Mais le plus important n’est pas ce qui est caché, mais ce que tout le monde a pu voir. Et tout le monde (citoyens russes, élites et observateurs extérieurs) a vu la chose suivante :
1. Le leader du régime autoritaire s’est montré faible et confus. Un dirigeant autoritaire peut être cruel ou déraisonnable, mais il n’a pas le droit de paraître faible. Cela signifie simplement qu’il n’est plus le chef. Pendant un certain temps, les erreurs peuvent être cachées, expliquées comme faisant partie d’un jeu en plusieurs étapes, etc. Mais il arrive un moment où tout devient évident. Des caractéristiques similaires des systèmes de pouvoir archaïques sont bien décrites dans l’ouvrage classique de J. Frazer, The Golden Bough (Le Rameau d’or). L’action d’un dictateur est comme celle d’un démineur : la première grosse erreur est aussi la dernière. Il importe donc peu de savoir quelle part de cette histoire correspondait à une véritable tentative de rébellion, et quelle part relevait de la farce et du théâtre.
2. L’État russe a perdu le monopole de la violence. Dans un système où c’est la loi du plus fort qui prévaut, et non l’État de droit, la perte du monopole de la violence signifie la perte du monopole du pouvoir. Dans les événements récents, nous avons vu non pas deux mais trois centres de pouvoir. Le troisième, Ramzan Kadyrov, est resté dans les coulisses, mais a fait preuve d’indépendance. Il est important de rappeler ici que les acteurs non étatiques ont leurs propres bases protégées. Wagner a son réseau en Afrique, Kadyrov a le sien en Tchétchénie, où les lois russes ne s’appliquent pas de facto et où il est le seul dirigeant. Là où le monopole du pouvoir est perdu, il y aura bientôt d’autres centres. L’un des centres peut rester le principal, mais il n’est plus le seul. Or il ne doit en rester qu’un, car cela crée un équilibre instable, comme une boule au sommet d’une pyramide.
Une blague populaire ukrainienne est tout à fait appropriée ici : « En 2021, l’armée russe était la deuxième armée du monde, en 2022, elle était la deuxième armée d’Ukraine, en 2023, elle est la deuxième armée de Russie ».
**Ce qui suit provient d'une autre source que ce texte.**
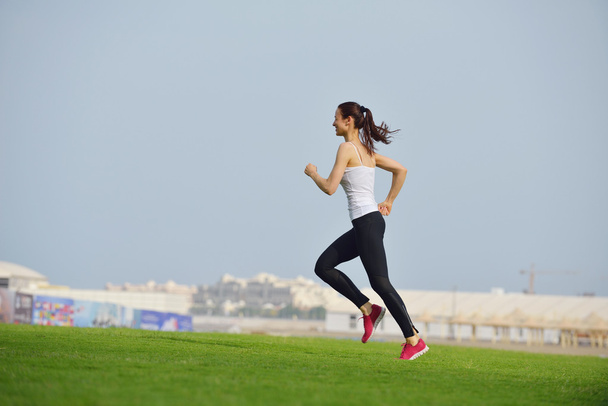 Жінка біжить вранці
 - Фото, зображення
3. Le système de pouvoir en Russie ne fonctionne pratiquement plus. Sur le chemin de Moscou, Wagner n’a rencontré ni les troupes régulières russes (on peut supposer qu’elles sont toutes sur le front ukrainien), ni celles du FSB, de la Rosgvardia (garde nationale et forces anti-émeutes) ou de la police, qui sont censées protéger le territoire intérieur de l’État. Poutine a lui-même déclaré une opération antiterroriste, mais n’a même pas réussi à en établir le quartier général. L’aviation russe a également frappé son propre territoire pour stopper l’avancée de Wagner. Pendant ce temps, la société militaire privée a carrément abattu un avion et six hélicoptères en chemin, et elle s’est emparée du QG de l’armée responsable de la guerre en Ukraine.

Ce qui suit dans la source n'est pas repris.